Short jokes
What's the difference between a baby and a sandwich?
I don't f**k a sandwich before I eat it.
Solve this equation: a gay boy + a whole lot of drugs = A hyped up f'ing machine.
In about ten days, Stephen Hawking's wheelchair is going to have its first and last service.
Knock knock.
Who's there?
Ididap.
Ididap who?
That's the joke, you did a poo!
How do pedophiles get kids to suck their d**k?
They spray paint it like candy 🍬.
My sister said, "Daddy can you pass the salt?" So I raped her.
What's the best way to get a man to confess to a rape?
Ask him to tell a rape joke.
What's the difference between America and a flash drive?
One is USA and the other is USB! 😂😂😂
How do you turn the Roman numeral IX (9) to a six?
Add the "S."
Knight HAHAHAHA!
Your mamma's so fat, the aliens call her their mother ship!

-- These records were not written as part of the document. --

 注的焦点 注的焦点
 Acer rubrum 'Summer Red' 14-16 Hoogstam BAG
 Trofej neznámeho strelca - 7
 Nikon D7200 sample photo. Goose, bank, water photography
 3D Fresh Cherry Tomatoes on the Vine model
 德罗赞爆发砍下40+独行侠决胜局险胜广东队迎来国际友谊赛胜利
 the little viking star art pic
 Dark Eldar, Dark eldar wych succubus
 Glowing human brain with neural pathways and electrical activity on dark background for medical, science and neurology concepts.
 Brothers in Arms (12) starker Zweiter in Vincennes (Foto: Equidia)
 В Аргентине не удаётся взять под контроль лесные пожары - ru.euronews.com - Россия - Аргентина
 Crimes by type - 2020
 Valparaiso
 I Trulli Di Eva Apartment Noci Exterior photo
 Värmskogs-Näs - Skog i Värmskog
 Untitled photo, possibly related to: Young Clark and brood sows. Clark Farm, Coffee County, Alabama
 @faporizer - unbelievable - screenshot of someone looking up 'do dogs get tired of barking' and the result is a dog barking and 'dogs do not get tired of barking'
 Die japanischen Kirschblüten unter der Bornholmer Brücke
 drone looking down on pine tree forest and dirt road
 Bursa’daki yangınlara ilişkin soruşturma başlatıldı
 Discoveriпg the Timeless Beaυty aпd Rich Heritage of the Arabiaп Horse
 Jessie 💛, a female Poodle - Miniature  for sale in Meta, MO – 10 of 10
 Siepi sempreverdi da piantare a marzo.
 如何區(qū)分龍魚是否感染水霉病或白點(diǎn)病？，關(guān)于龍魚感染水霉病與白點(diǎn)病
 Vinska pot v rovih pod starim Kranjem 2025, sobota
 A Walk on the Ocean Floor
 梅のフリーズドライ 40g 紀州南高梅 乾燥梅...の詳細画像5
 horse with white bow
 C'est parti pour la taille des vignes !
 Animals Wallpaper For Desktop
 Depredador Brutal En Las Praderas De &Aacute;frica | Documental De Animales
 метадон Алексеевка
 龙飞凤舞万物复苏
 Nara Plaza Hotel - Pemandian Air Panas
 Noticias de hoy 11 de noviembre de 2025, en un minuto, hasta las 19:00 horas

I'm friends with 2 letters of the alphabet. I don't know why.
Why can't Americans trade with other countries? We lost the trading center!
What did the dinosaur eat when the dentist fixed his tooth?
The dentist!
What's harder than nailing a dead baby to a tree?
My dick while I'm doing it.
What do you get when you cross a priest with a toilet?
Holy shit.
Why did half of the world go to hell?
Because they were laughing at morbid jokes.
(You've been warned!)
What do you call a Mexican with a rubber toe?
Robetoe.
How to get 1000 followers on Instagram?
Run through Africa with a bottle of water.
My Indian wife said last night if her fanny would taste like vindaloo curry, I said I've smelt your fucking armpits, you've got no chance.